We tried to persuade him to stay. His presence is always so comforting, even though his going was the best for him. He knew that, and we left him on the side of the road to catch one of those cheap taxis, called marshrutkas, that connect all of Georgia back to Tbilisi. In three hours he’d be digging holes in his land and sinking his qvevri.
Shortly after Niki left us, we passed a sign for the town of Navenavekvi. “Does that have a meaning?” I asked John.
“The place that vines used to grow,” he said.
These names are haunting, like the one that means “gates to the distillery” (Chachkari), but there are no more distilleries. Or this one, Navenavekvi, “where the vines used to grow.” “The village has a terroir of that red clay over limestone, like Burgundy,” John said. “It was abandoned by the Soviets. Ramaz thinks this will be a spot he can plant vines and expand, and in spite of its glorious name, because the mind-set here is still volume over quality, he will be able to buy the land more cheaply.”
“One day perhaps they’ll change it a little to the place where the vines do grow,” I said wistfully. Perhaps with growing markets the land will be reclaimed for their noble purpose.
Caesar Mushrooms Cooked in a Clay Dish
While this recipe is not super exciting on the page, the simplicity of the mushroom and the resulting crispness make it remarkable on the palate. You’ll need a terra-cotta pan. A Georgian one is nice, but you can find them in most cooking shops, perhaps from Spain. The Caesar is so delicate that the more simply you cook it, the more you can feel the texture and delicacy of the mushroom.
Remember that mushrooms cook down a great deal, so figure a pound to serve three people.
Heat the terra-cotta pan in advance, but heat it up slowly to avoid cracking. If you have a yard, heating it on the grill over coals is best, but an oven will work.
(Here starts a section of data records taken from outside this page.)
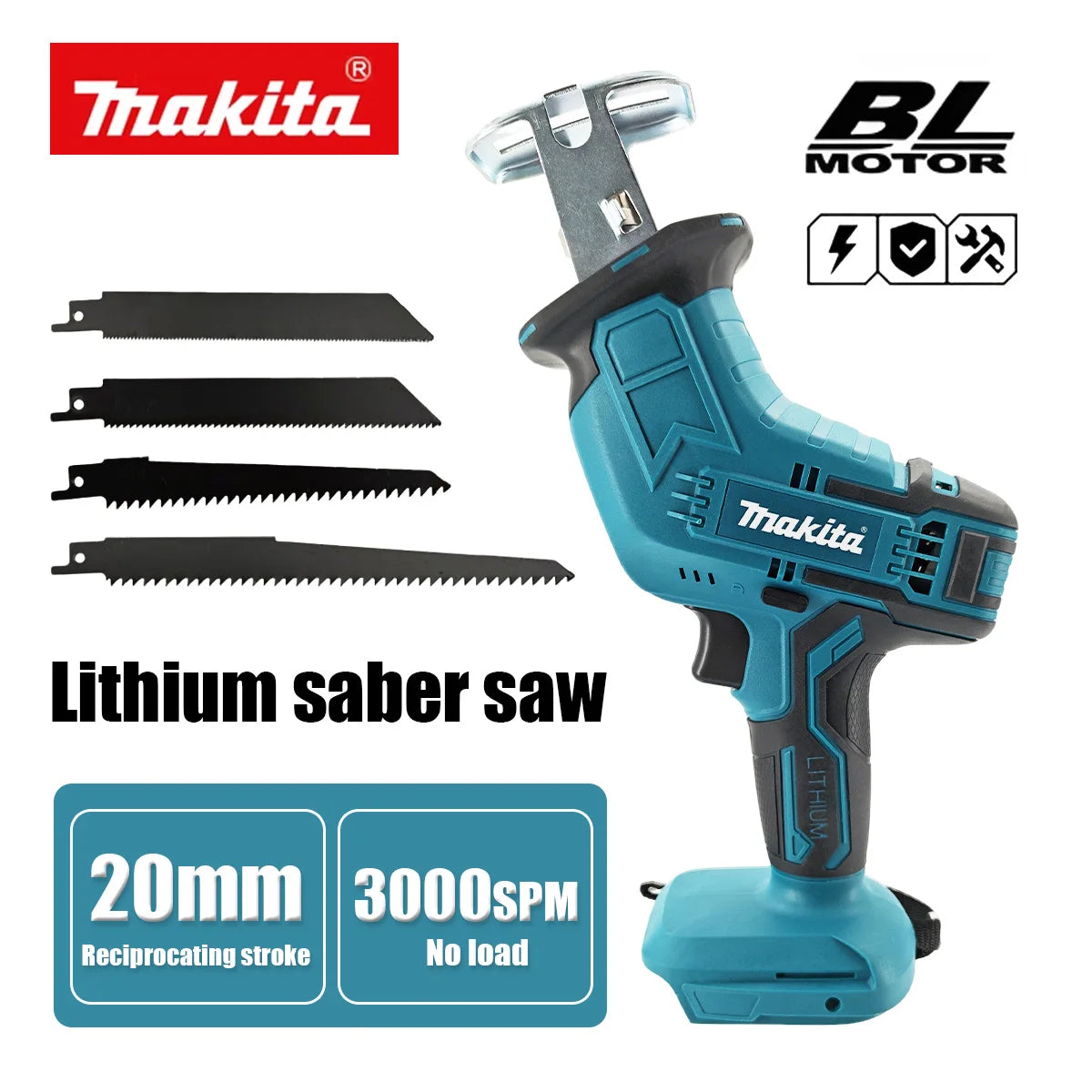 Makita ML505 Sega a Sciabola Elettrica Senza Batteria Portatile Per Taglio Legno Metallo Tubi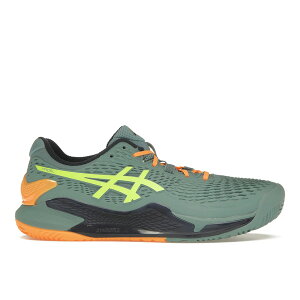 ASICS アシックス メンズ スニーカー 【ASICS Gel-Resolution 9 Padel Celadon Safety Yellow】 サイズ US_11.5(29.5cm) Celadon/Safety Yellow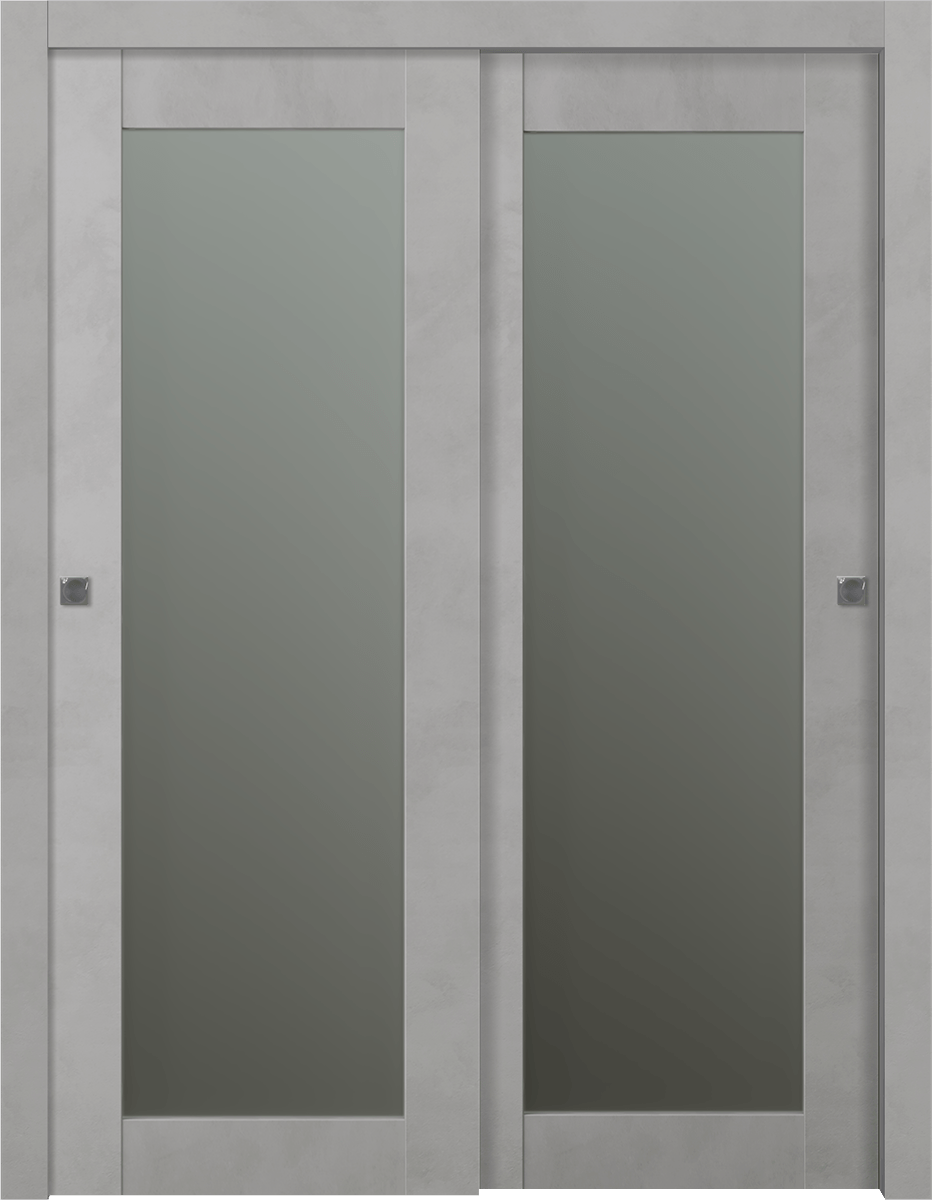 AVON 207 VETRO LIGHT URBAN BYPASS BELLDINNI MODERN INTERIOR DOOR - 1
Clean the mushrooms with a brush, and if they are very large, cut in half lengthwise. The bigger the chunks, the juicier they remain. Once the pan is hot, add the mushrooms and a touch of salt and black pepper, and drizzle a touch of olive oil or butter. Let them sit in there for exactly 5 minutes. The idea is to just barely sear them to awaken the flavor. Caesar mushrooms cannot be eaten raw, so remember there’s a danger in undercooking, yet overcooking breaks their structure down too much.